Николай Александрович Добролюбов - Никоненко Виталий Сергеевич. Страница 13
Обоснование реалистической литературы с точки зрения антропологического материализма позволяет, полагал Добролюбов, объяснить факты поразительных успехов литературы, когда она далеко опережала и философию и науку. Дело в том, что некоторые деятели литературы, отмечал Добролюбов, были настолько одарены природою, что «естественные стремления говорили в них чрезвычайно сильно, незаглушаемо» (3, 6, 308). В качестве примера такого писателя Добролюбов рассматривал Шекспира, литературная деятельность которого «подвинула общее сознание людей на несколько ступеней». В этом взгляде на Шекспира, а также на творчество Данте, Гёте, Байрона отразилась высокая оценка Добролюбовым гуманистических идей.
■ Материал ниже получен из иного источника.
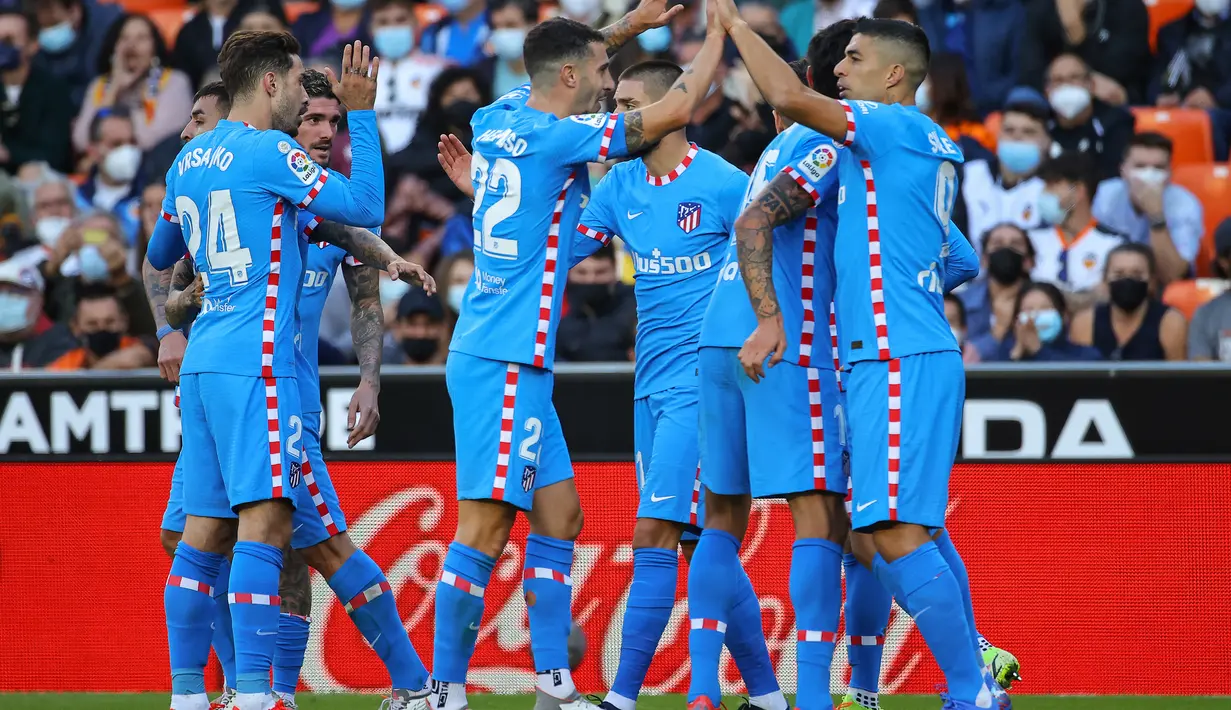 Pemain depan Atletico Madrid, Luis Suarez (kanan) berselebrasi dengan rekan satu timnya setelah mencetak gol ke gawang Valencia pada pertandingan lanjutan La Liga Spanyol di stadion Mestalla di Valencia (8/11/2021). Valencia bermain imbang atas Atletico Madrid 3-3. (AFP/Jose Jordan)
Отрицание Добролюбовым жесткой связи между мировоззрением талантливого художника и реалистическим творчеством отнюдь не свидетельствует о недооценке им значения мировоззрения для успеха или неуспеха литературной деятельности. Конечно, в случае с Шекспиром художественный гений далеко опередил философию своего времени. Так же в случае с Гоголем, Островским, Достоевским и рядом других русских писателей наличие яркого таланта, повлекшего за собой реалистическое изображение реальной жизни, чувство художественной правды позволяют отделить действительное мировоззрение художника, выразившееся в образах его произведений, от тех философских принципов, которые они высказывали отвлеченно. Но даже и в этих случаях ошибочные понятия вызвали определенную ограниченность художественных произведений. Например, в отношении Островского Добролюбов писал, что «его литературная деятельность не совсем чужда была тех колебаний, которые происходили вследствие разногласия внутреннего художественного чувства с отвлеченными, извне усвоенными понятиями». К примеру, в пьесах «Бедность не порок» и «Не так живи, как хочется» неверность взгляда А. Н. Островского на некоторые «существенно дурные стороны нашего старинного быта… повредила цельности и яркости самих произведений» (3, 5, 25).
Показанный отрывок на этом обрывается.